§ **INSTRUCTIONS TO FOLLOW**: Directions for the data below: repeat exactly the lines from the one with "Vintage 1940s Bed" through the one with "성남 분당구 서현동 347번지", both included, and omit all pictures.

§ **SOURCE MATERIAL**:
━━━━━━━━━━━━━━━━━━━━

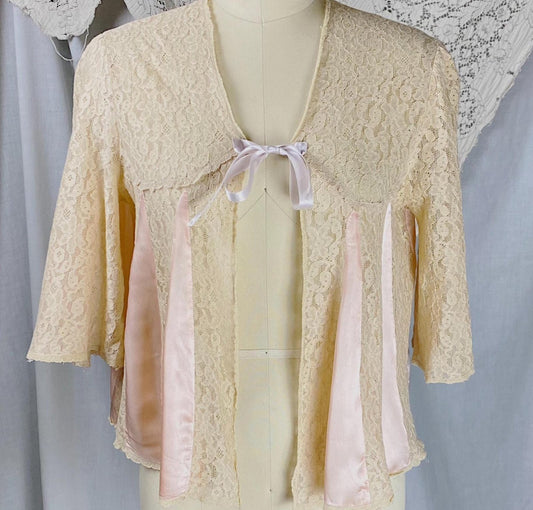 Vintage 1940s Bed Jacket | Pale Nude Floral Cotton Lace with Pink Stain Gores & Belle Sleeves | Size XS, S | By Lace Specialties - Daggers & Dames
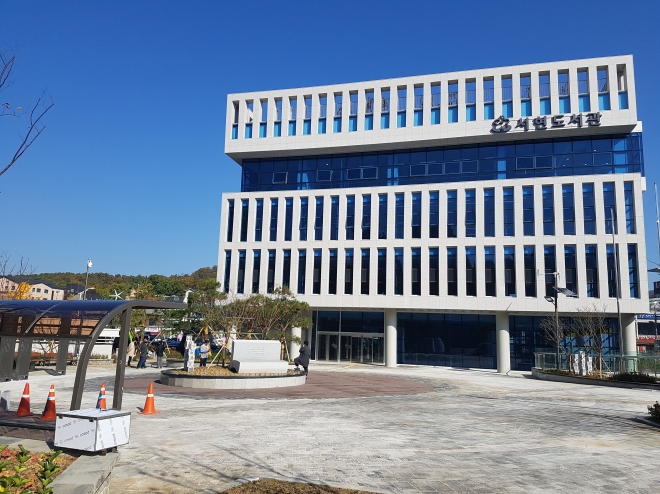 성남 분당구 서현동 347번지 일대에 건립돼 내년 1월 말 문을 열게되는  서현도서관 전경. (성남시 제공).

━━━━━━━━━━━━━━━━━━━━

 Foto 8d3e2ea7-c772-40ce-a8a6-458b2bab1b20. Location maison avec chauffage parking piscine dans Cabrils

━━━━━━━━━━━━━━━━━━━━

§ **RESPONSE TO THIS TASK**:
 Vintage 1940s Bed Jacket | Pale Nude Floral Cotton Lace with Pink Stain Gores & Belle Sleeves | Size XS, S | By Lace Specialties - Daggers & Dames
 성남 분당구 서현동 347번지 일대에 건립돼 내년 1월 말 문을 열게되는  서현도서관 전경. (성남시 제공).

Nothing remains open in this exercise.